→ What you will do: An exact copy, beginning at the line containing "Abercrombie High Rise" and ending at the final line of the records that follow, is the answer; it has no pictures and no other text.

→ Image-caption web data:
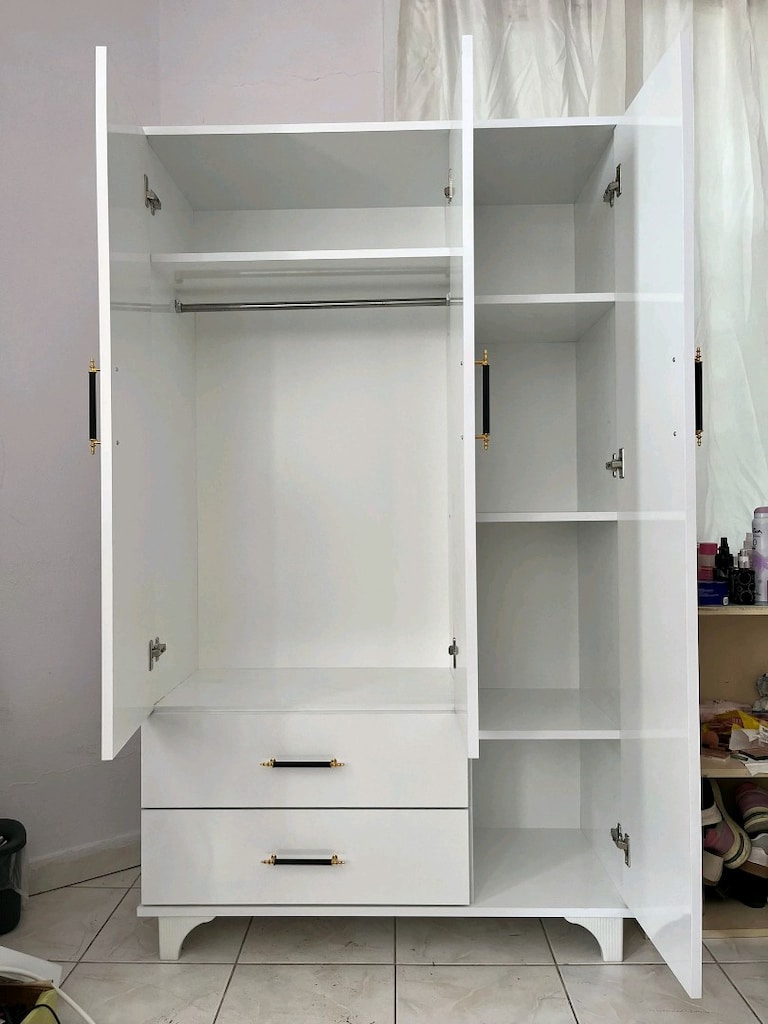 3 Kapaklı bol raflı elbise dolabı - 4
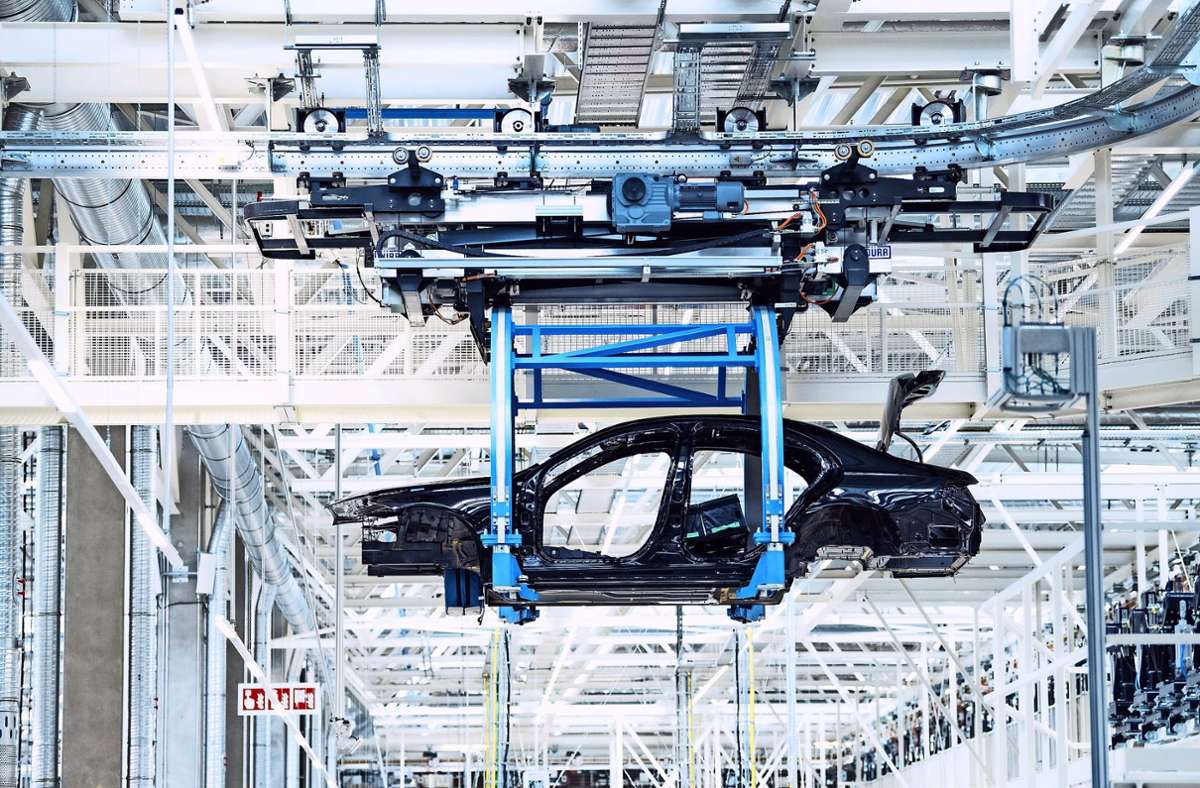 Daimler hat kürzlich in Sindelfingen eine hochmoderne Fabrik eröffnet – doch mit der Dieselaffäre holt den Autobauer die Vergangenheit immer wieder ein. Foto: dpa/Silas Stein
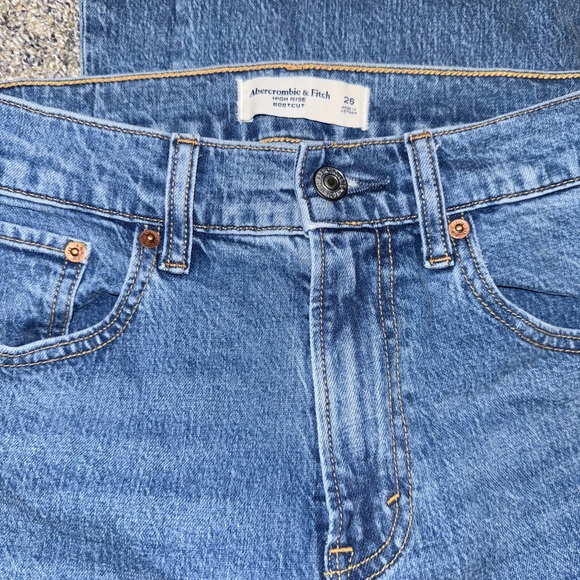 Abercrombie High Rise Bootcut - Picture 5 of 5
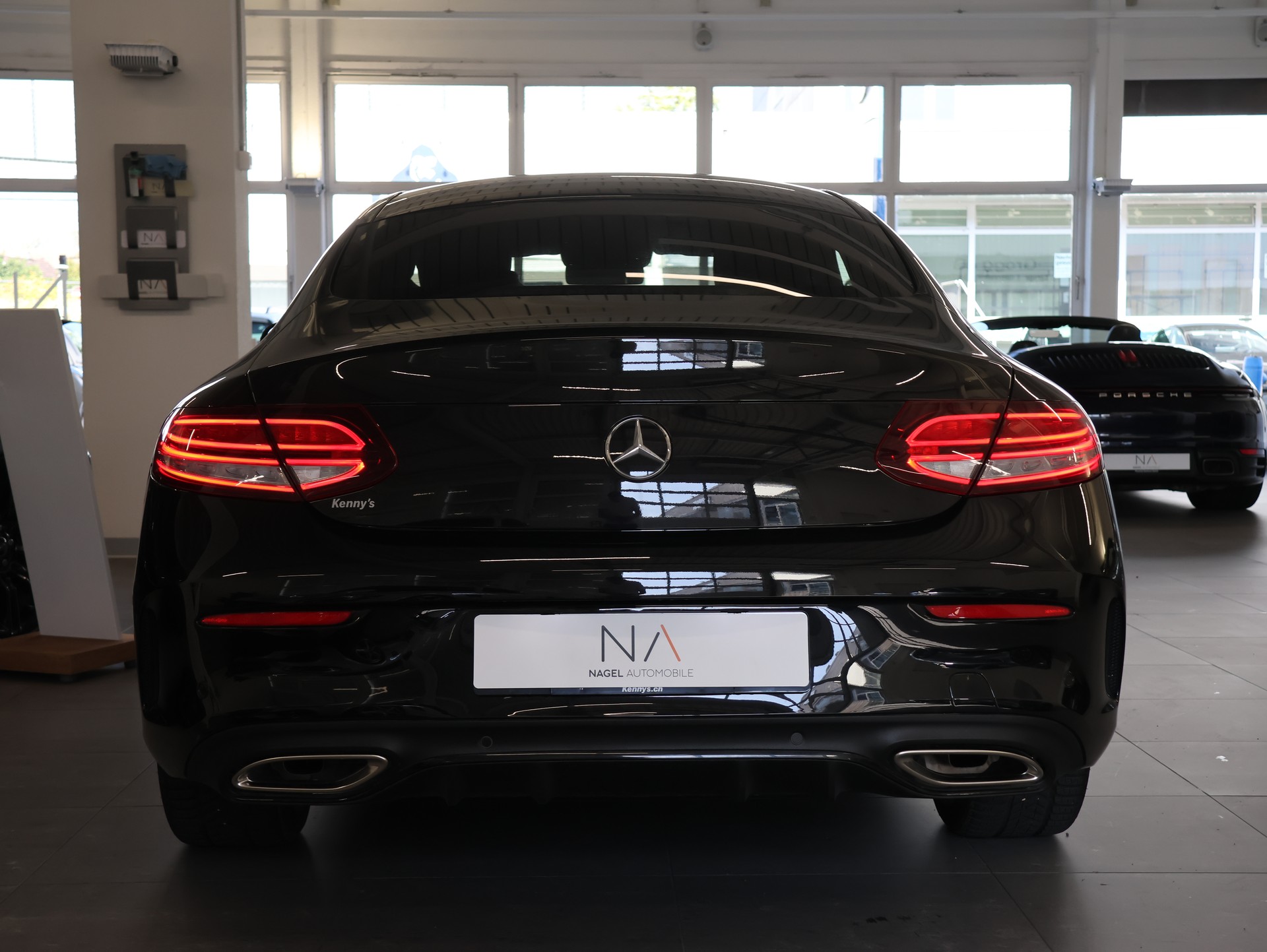 MERCEDES-BENZ C 300 Coupé 4Matic AMG Line 9G-tronic *1.HAND*-image-6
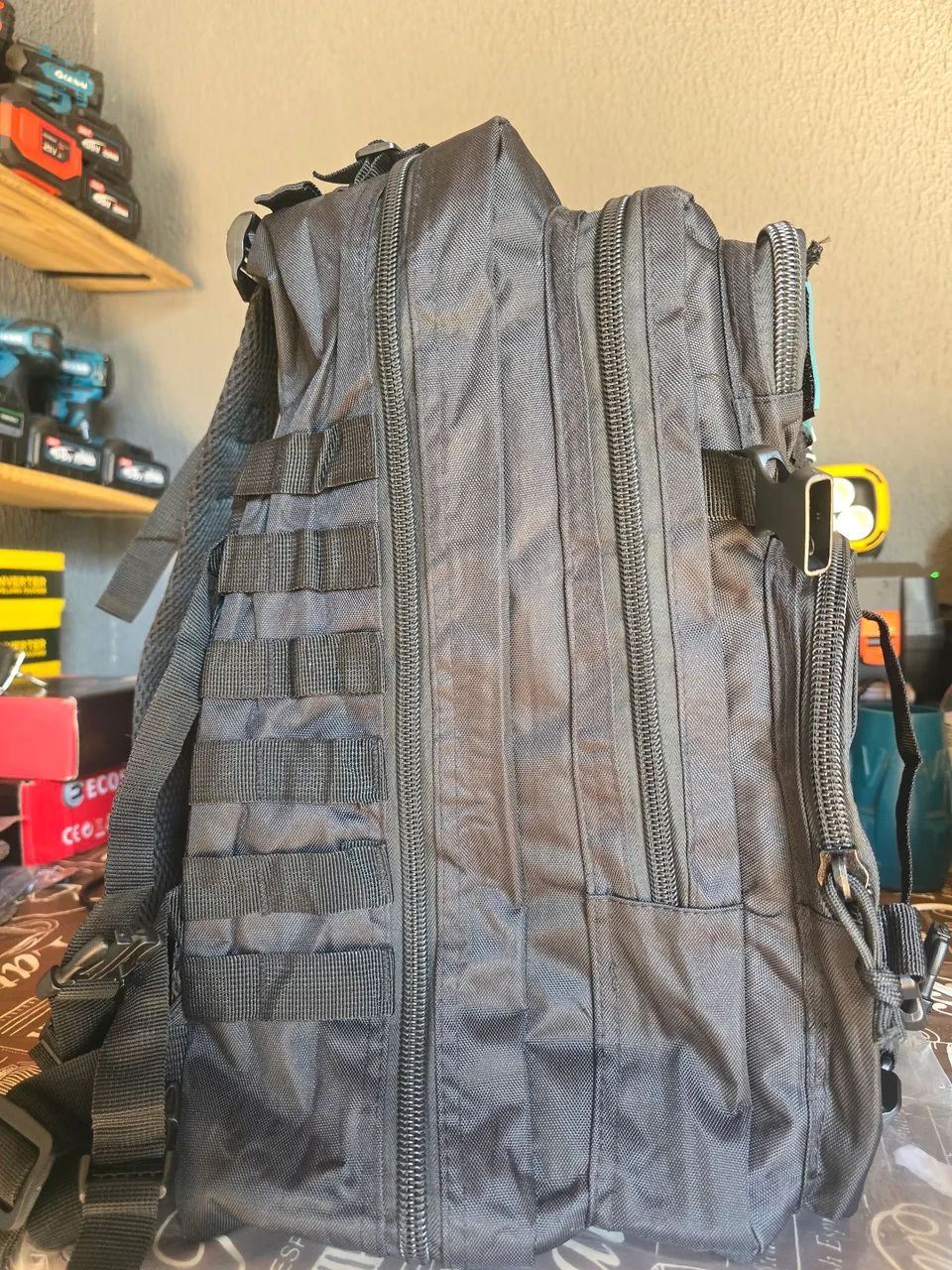 Mochila tática masculina resistente impermeável 150Litros - Foto 4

→ Answer box:
 Abercrombie High Rise Bootcut - Picture 5 of 5
 MERCEDES-BENZ C 300 Coupé 4Matic AMG Line 9G-tronic *1.HAND*-image-6
 Mochila tática masculina resistente impermeável 150Litros - Foto 4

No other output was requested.